# Bayesian inference: Basics

This notebook discusses more extensively some concepts mentioned in [Bayes_basics_short.ipynb](Bayes_basics_short.ipynb)

## I. Frequentist vs Bayesian Approaches

Both the model fitting and model selection problems can be approached from either a *frequentist* or a *Bayesian* standpoint. 
Fundamentally, the difference between these lies in the **definition of probability** that they use:

- **A frequentist probability is a measure *long-run frequency* of (real or imagined) repeated trials.** Among other things, this generally means that observed data can be described probabilistically (you can repeat the experiment and get a different realization) while model parameters are fixed, and cannot be described probabilistically (the universe remains the same no matter how many times you observe it). 

- **A Bayesian probability is a *quantification of belief*.** Among other things, this generally means that observed data are treated as fixed (you know exactly what values you measured) while model parameters – including the "true" values of the data reflected by noisy measurements – are treated probabilistically (your degree of knowledge about the universe changes as you gather more data).


**Example**: The measurement of the flux of a star.

- For frequentists, **probability** only has meaning in terms of a **limiting case of repeated measurements**. That is, if I measure the photon flux F from a given star (we'll assume for now that the star's flux does not vary with time), then measure it again, then again, and so on, each time I will get a slightly different answer due to the statistical error of my measuring device. In the limit of a large number of measurements, the frequency of any given value indicates the probability of measuring that value. For frequentists probabilities are fundamentally related to **frequencies of events**. This means, for example, that in a strict frequentist view, it is *meaningless* to talk about the probability of the true flux of the star: the true flux is (by definition) a single fixed value, and to talk about a frequency distribution for a fixed value is nonsense.

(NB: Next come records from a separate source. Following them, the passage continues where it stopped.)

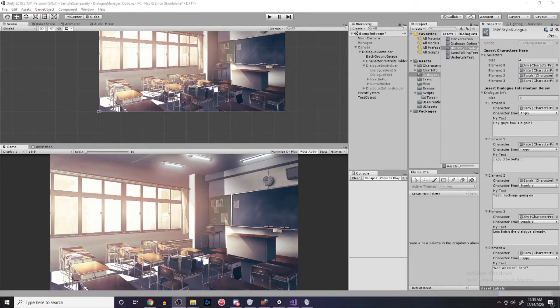What's up guys, Dead Bird here. In today's episode we're going to be using the tween system that I made last episode to animate our UI, because right now we're using the Animator component and it's not as efficient. So we'll be using the tween system. And you might be wondering: what if I didn't follow along that video because it's kind of long? Fear not.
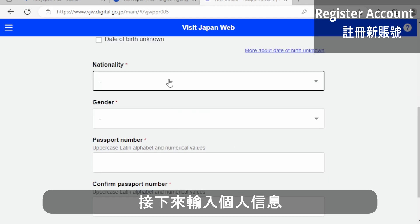There are four steps. You are going to type in your nationality, passport information, and personal information.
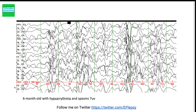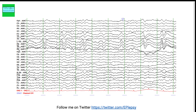This next EEG is from a 6-month-old diagnosed with hypsarrhythmia — a disorganized, high-amplitude EEG with multifocal sharp waves associated with infantile spasms. The following page shows temporal intermittent rhythmic delta activity, or TIRDA. The presence of TIRDA is associated with temporal lobe epilepsy in 20–30% of cases.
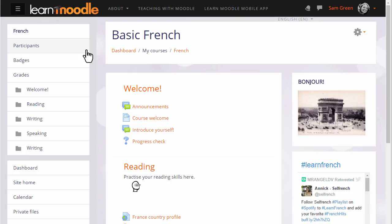There are a number of ways in which your students can access your course. For example, your administrator might enrol them for you, or they might be automatically enrolled from outside, or they might be able to create their own accounts on the Moodle site and then enrol themselves into your course. In this video, we look at how you, the teacher, can manually add students to your course and how you can find out the other ways in which they can access your course.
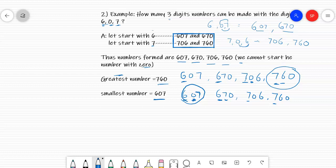Did you understand all these, children? How to make numbers with the help of 3 digits. Practice at your home in your notebook. Thank you, bye-bye.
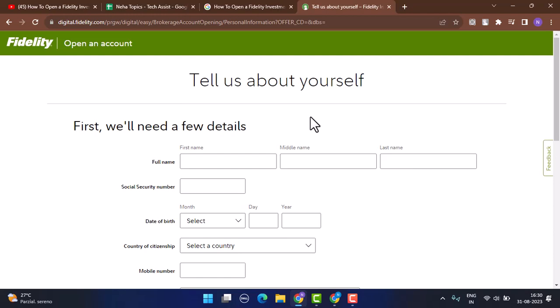This is how you can open or register for a Fidelity investment account. That is all for this video. I hope the video was helpful. Make sure to like, share, and subscribe to our channel. Also make sure to comment down below for any further queries. Thank you for watching. See you in the next video.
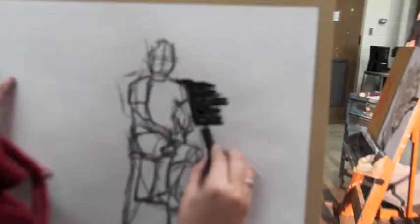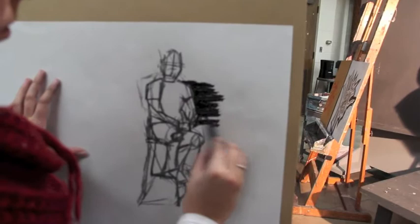Once you are satisfied with the basic gesture drawing, you can add more details, shadows and highlights.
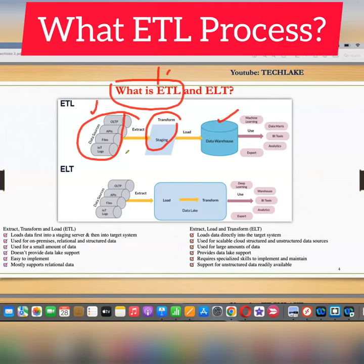Extracting data from different sources — the source is a different system, staging is the ETL server which is a different system, and the target warehouse is yet another different system. So you are moving data across three different systems: source, staging, and target. That is ETL.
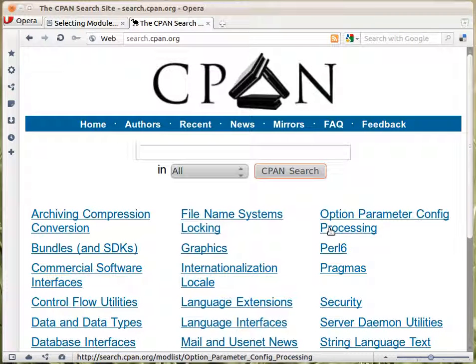This is the search.cpan.org website. This is the old search interface of CPAN. It still has a couple of features that MetaCPAN doesn't have, so I'm going to show you both of them.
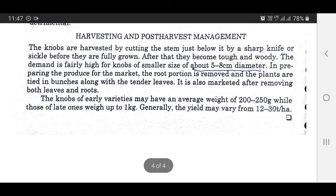Harvesting and post-harvest management: The knobs are harvested by cutting the stem just below the knob with a sharp knife or sickle before they are fully grown, after which they become tough and woody. The demand is fairly high for knobs of a smaller size of about 5 to 8 cm diameter. In preparing produce for the market, the root portion is removed and the plants are tied in bunches along with the tender leaves. It is also marketed after removing both leaves and roots. Knobs of early varieties may have an average weight of 200 to 250 grams, while those of late ones weigh up to 1 kg. Generally, the yield may vary from 12 to 30 tons per hectare.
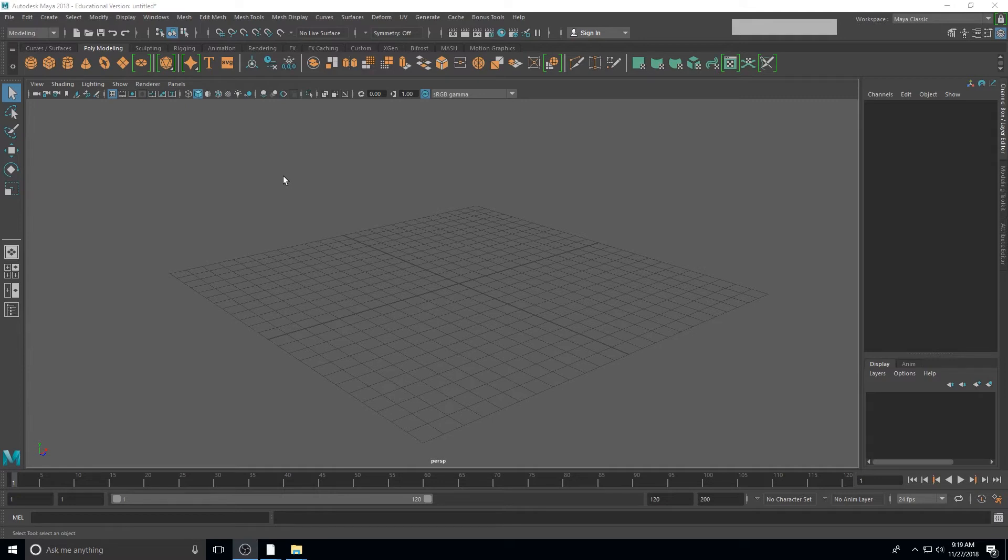Navigating Maya's user interface can be a little overwhelming when you first open the program. So we're going to break it up into sections, starting with the top.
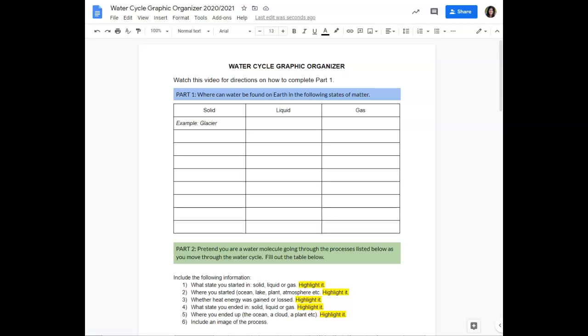I'm going to have you fill out some different parts of a graphic organizer just to have all the information you need to score proficient in your summative in one place.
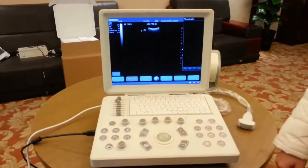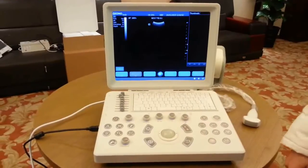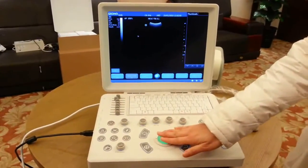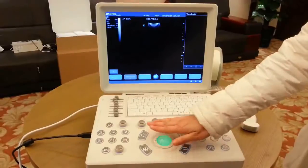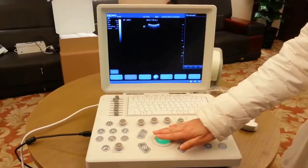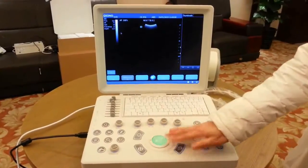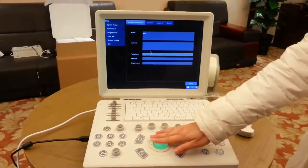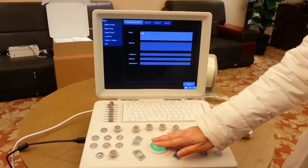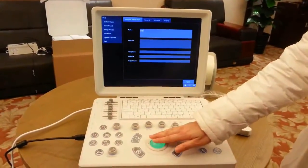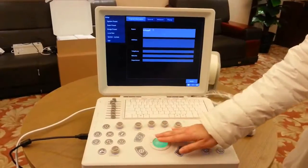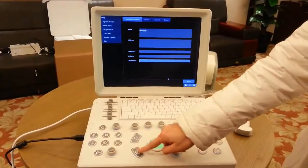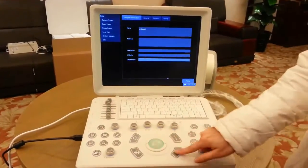If this is the first time you use the machine, you can do some settings for the system. Click the logo at the upper left corner on the screen, or press the preset key on the keyboard — it will enter the preset interface. You can fill in information, adjust time, and make other settings here. Press ESC to come back.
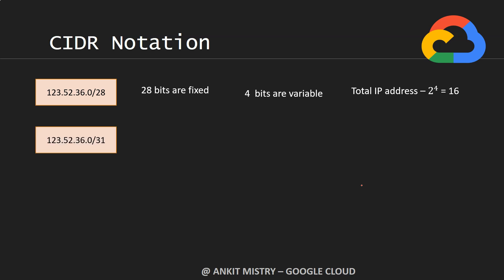Now instead of /28, if you go to /31, that means 31 bits are fixed, 1 bit is variable. But with /31 you can represent just two IP addresses.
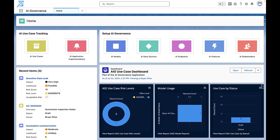Within the AI Governance App, we can efficiently set up and manage various AI models, track associated data sources, configure endpoints, and define AI features across multiple use cases, along with identifying key stakeholders.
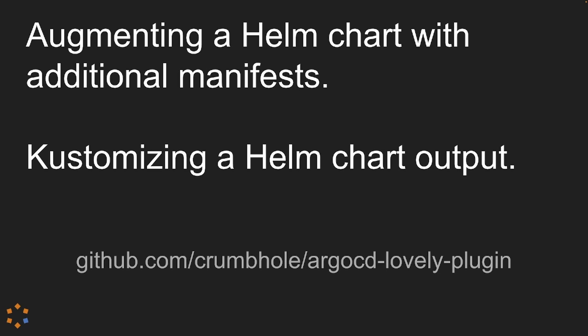You can find more information about the Argo CD Lovely plugin by visiting the GitHub repo shown on the screen and everything I'm going to do today is available through that repo.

- For Bayesians, the concept of probability is extended to cover degrees of certainty about statements. Say a Bayesian claims to measure the flux F of a star with some probability P(F): that probability can certainly be estimated from frequencies in the limit of a large number of repeated experiments, but this is not fundamental. The probability is a statement of my knowledge of what the measurement result will be. For Bayesians, probabilities are **fundamentally related to our own knowledge about an event**. This means, for example, that in a Bayesian view, we can meaningfully talk about the probability that the true flux of a star lies in a given range. That probability codifies our knowledge of the value based on prior information and/or available data.

In summary: 

- *Frequentist inference*: estimating an error on a parameter means: "how much would the parameter change if I had other data". 
- *Bayesian inference*: estimating an error on a parameter really means "deriving a parameter and uncertainties on it", something a frequentist cannot say as it strictly does not make sense (there is only one true value of a parameter that he tries to estimate and this does not make sense to speak of an uncertainty on a true value). For that purpose, Bayesian inference uses posterior distribution of the parameters (given the data) $p({\boldsymbol{\theta}} \mid D)$.